## YOUR OBJECTIVE
The response should reproduce exactly the lines from the top of the listing below through the one that contains "43512-02180, 43512-12690", and nothing else; pictures do not belong in it.

## RECORDS FOR THE TASK
------------

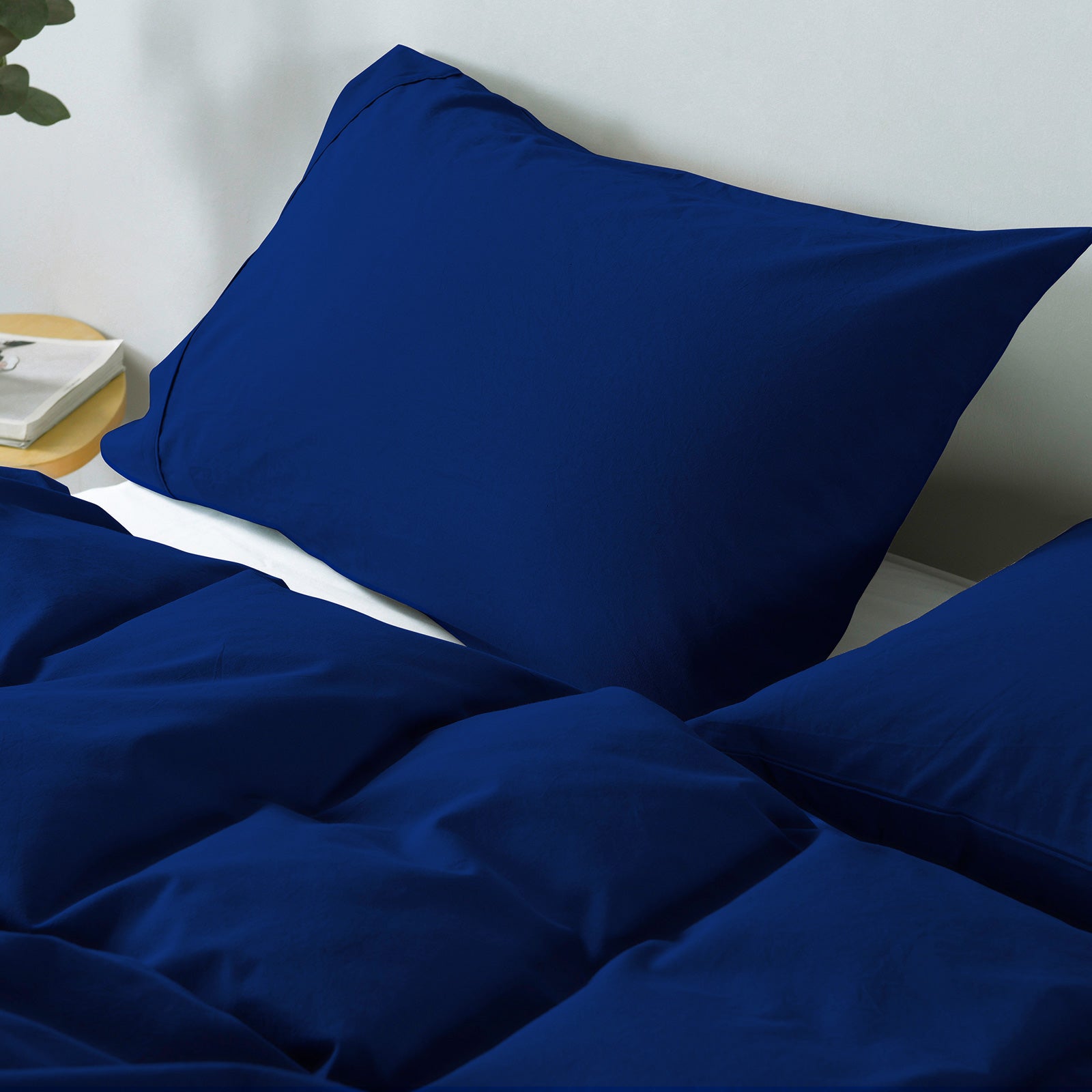 Royal Comfort Vintage Washed 100% Cotton Quilt Cover Set Bedding Ultra Soft - Single - Royal Blue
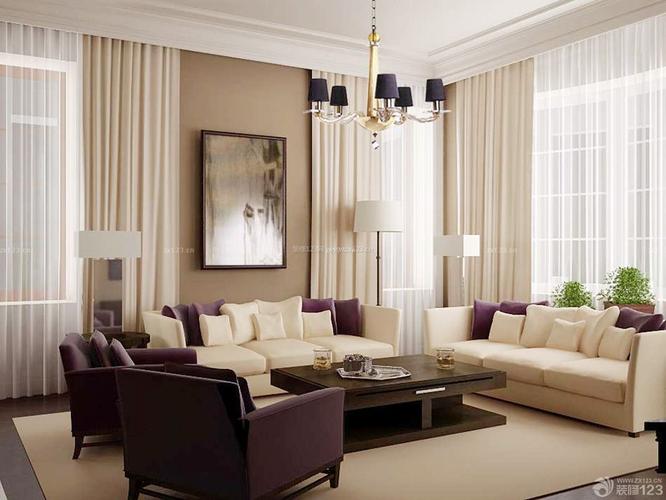 客厅现代简约风格窗帘装修设计效果图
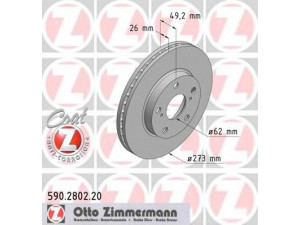 ZIMMERMANN 590.2802.20 stabdžių diskas 
 Stabdžių sistema -> Diskinis stabdys -> Stabdžių diskas
43512-02180, 43512-12690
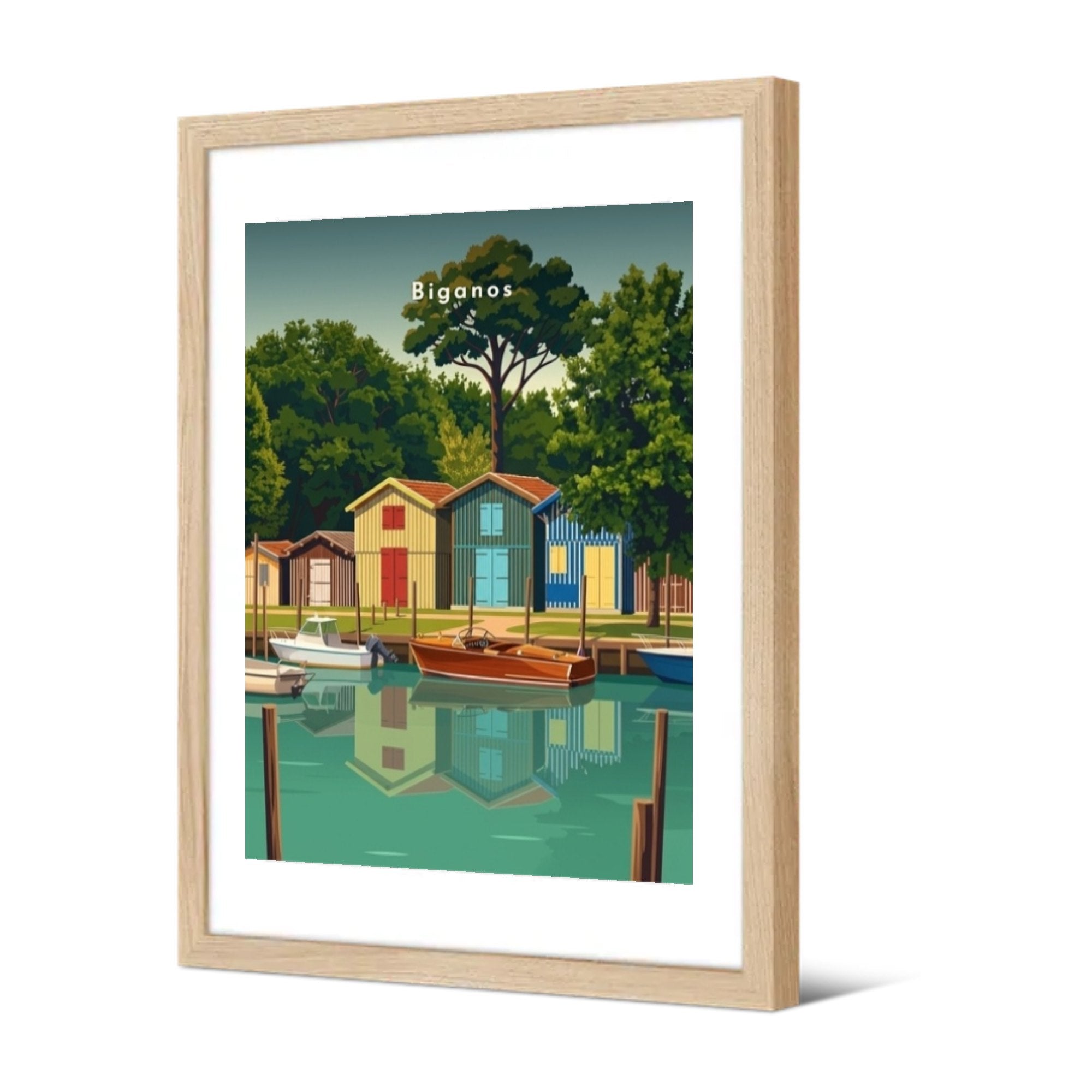 Les cabanes depuis l'eau — Pôdevache, encadrée, vue de trois quarts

------------

## TASK OUTPUT
 Royal Comfort Vintage Washed 100% Cotton Quilt Cover Set Bedding Ultra Soft - Single - Royal Blue
 客厅现代简约风格窗帘装修设计效果图
 ZIMMERMANN 590.2802.20 stabdžių diskas 
 Stabdžių sistema -> Diskinis stabdys -> Stabdžių diskas
43512-02180, 43512-12690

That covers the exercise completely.